The main character is a goddess and the youngest of her sisters who could fly with her cloak and paint the sky different colours during dawn and sunsets. She falls in love with a mortal man after a while but there’s a bit of a miscommunication because she assumes that she’d need to leave him when he started talking about marriage because she couldn’t do something like that. But his friend ox was also magical and was able to fly up to talk with her and convince her to stay. So they got married, a house and had kids together, although she still spent a lot of time in heaven and couldn’t always be with mortals.
- Eyes like Candlelight By: Julie Kagawa (Japanese)

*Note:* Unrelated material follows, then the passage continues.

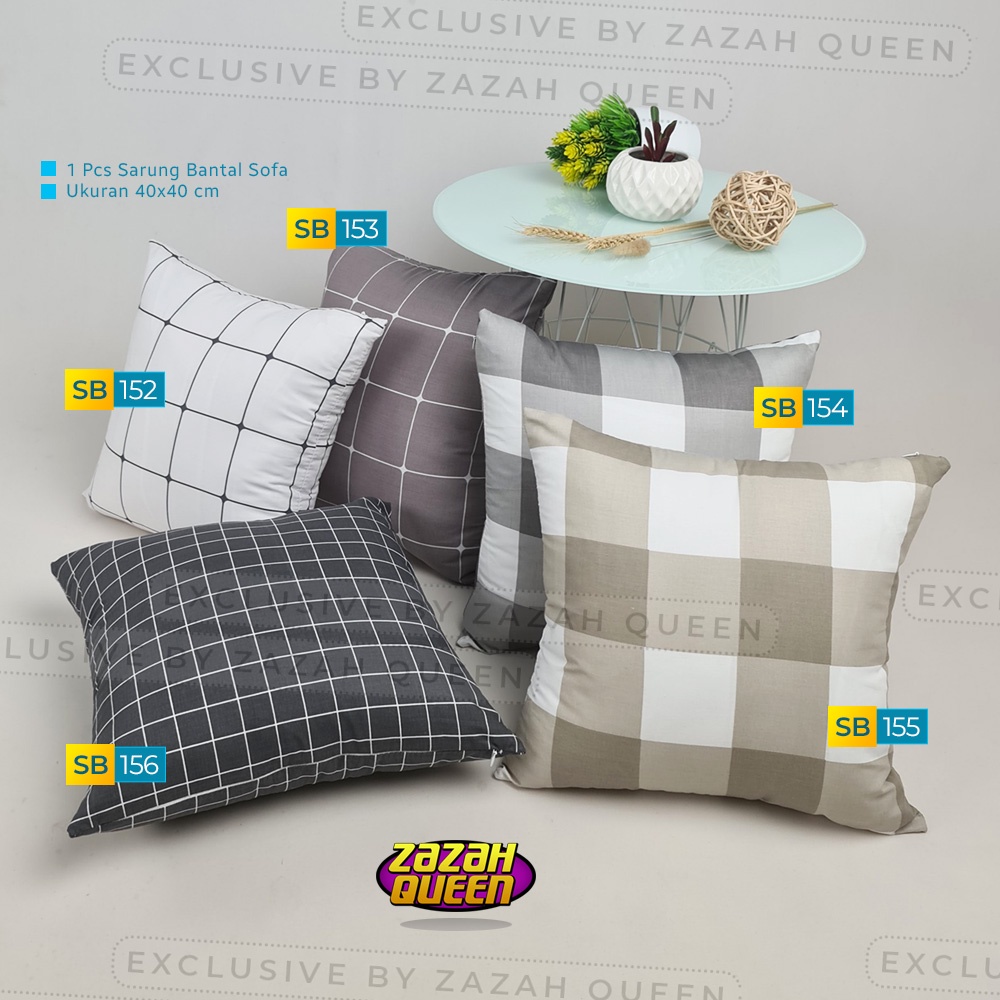 Sarung Bantal Sofa - Square Series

This one was very interesting, it follows a boy named Takeo who helped a fox creature when he was a boy and it was a kitsune which has magical powers and is more like a mythical creature. Years later when his village is in danger because they can’t pay the rice tax or even have enough food for themselves due to drought. He went to try to find help and he met the kitsune again who agreed to help them if he came back the next day, but the help didn’t arrive in time and Takeo was killed. The kitsune who loved him got revenge on the tax collectors. I liked this one but it also didn’t stand out as much as some of the other ones.
- Carp, Calculus, and the Leap of Faith By: Ellen Oh (Korean)
I really liked this one because it really seemed like a real story and was relatable and funny to read.
This follows a young adult who is being forced by her mother to go into pre-med school and become a doctor even though she hates it, is bad at it and wants to stop more than anything. But she’s never been able to tell her mom this because she’s scared of disappointing her. When she approaches her father with this problem, he tells her their family history story of her ancestors turning into carp in a lake to get away from pirates trying to kill them. That’s why they never eat carp and he helps her finally have that hard conversation with her mother.
Overall this was a very personal and funny story which I really loved reading and thought it was good in comparison to some of the more serious ones in here to end the book on a lighter note.